Fruit pedicellate (pedicels 0.2–1.3 cm long), urceolate with a short to moderately long neck that is flared slightly at the rim, 1.2–1.9 cm long, 1.1–1.6 cm wide, smooth, disc descending vertically, valves 4(5), enclosed.
Seeds brown, 7–8 mm long, ellipsoidal with terminal wing, hilum ventral.

Cultivated seedlings (measured at ca node 10): cotyledons large, reniform; stems rounded in cross-section, setose with bristle-glands; leaves always petiolate (petioles to 0.5 cm), opposite for at least 10 nodes, narrowly lanceolate to elliptic, 7.5–10 cm long, 1.5–3.5 cm wide, base rounded or shallowly lobed, tapering at upper nodes, apex pointed or rounded, mid-green, discolorous, setose with bristle-glands.

Flowering Time

Flowering has been recorded in March and April.

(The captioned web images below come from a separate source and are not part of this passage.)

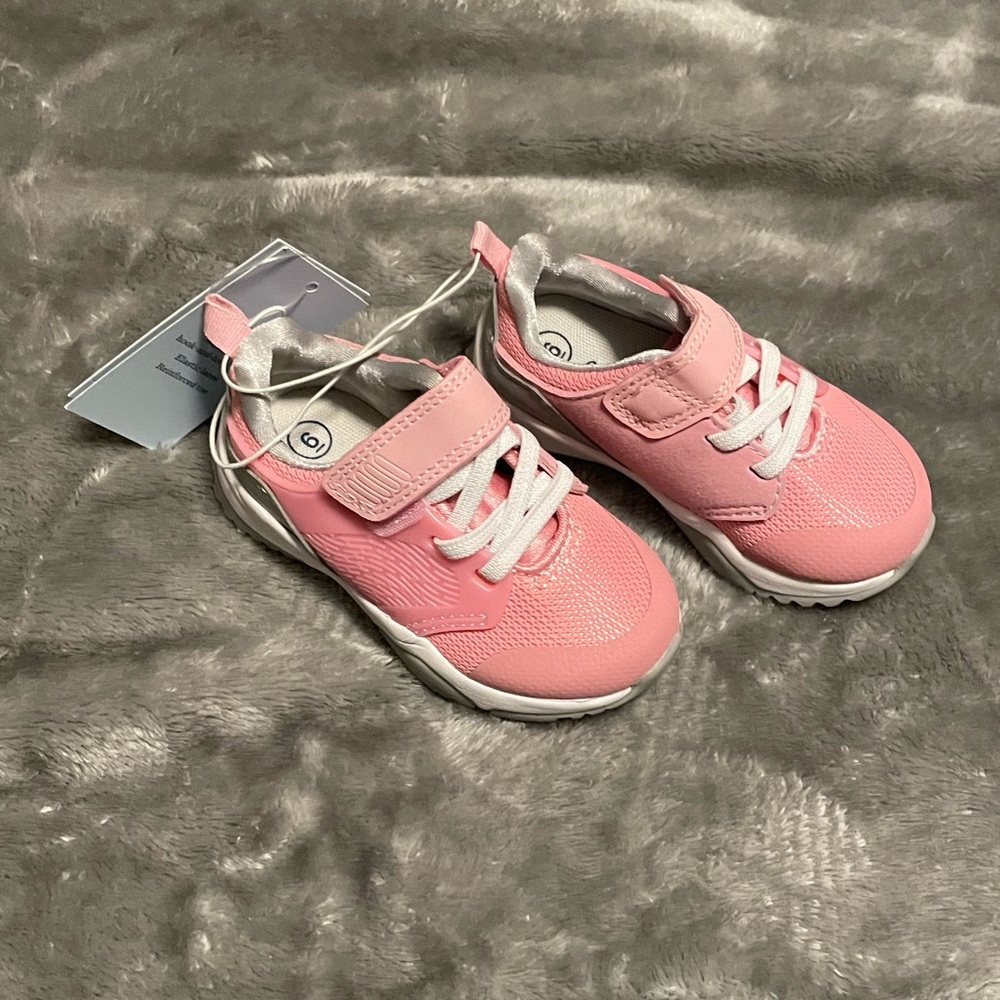Toddler Girls’ Pink & Silver Velcro Sneaker-Cat & Jack
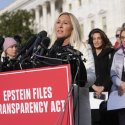 Ex-Trump-Vertraute unterstützt Petition zu Epstein-Akten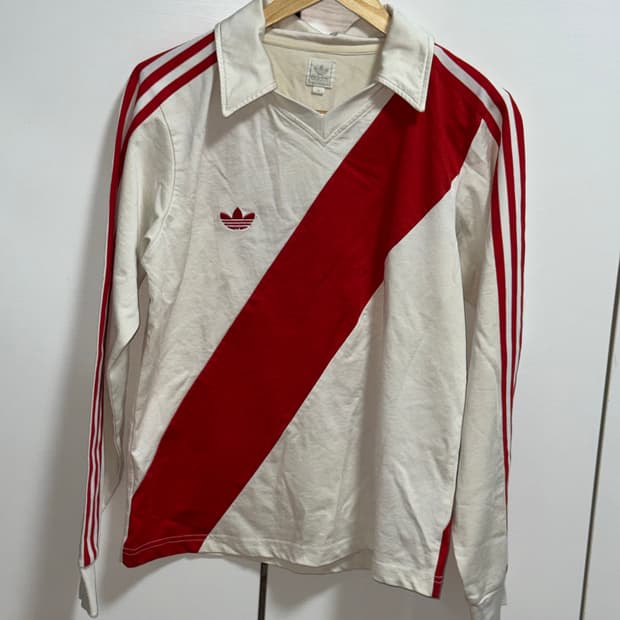 아디다스 롱슬리브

A bloodwood tree restricted to the Top End of the Northern Territory, where found between Katherine, Dorisvale, Willeroo and Newcastle Waters, occurring in savannah woodlands on well-developed sandy gravelly loams on flats, slight rises or low crests. Corymbia umbonata has thinly tessellated grey and orangey rough bark to at least the large branches then smooth, ± dull, concolorous green adult leaves lacking the intramarginal vein, and small glossy buds and urceolate fruit. The juvenile leaves are glabrous and ovate to 5.5 cm wide.

C. umbonata is closely related to C. dichromophloia, but the latter has white smooth bark with some persistent red flakes. Also the fruit are slightly larger (1.1–1.6 cm wide, cf. 0.6–1(1.5) cm wide in C. dichromophloia). Both C. latifolia and C. greeniana have broader adult leaves and glabrous and much broader juvenile leaves than C. umbonata. C. oocarpa differs in having much less rough bark on the trunk and being restricted to sandy pockets associated with the sandstone escarpment and plateau east of the distribution of C. umbonata. C. arnhemensis has coarser rough bark, discolorous adult leaves and narrower juveniles than C. umbonata.


Origin of Name

Corymbia umbonata: Latin umbo, boss or knob, allusion obscure.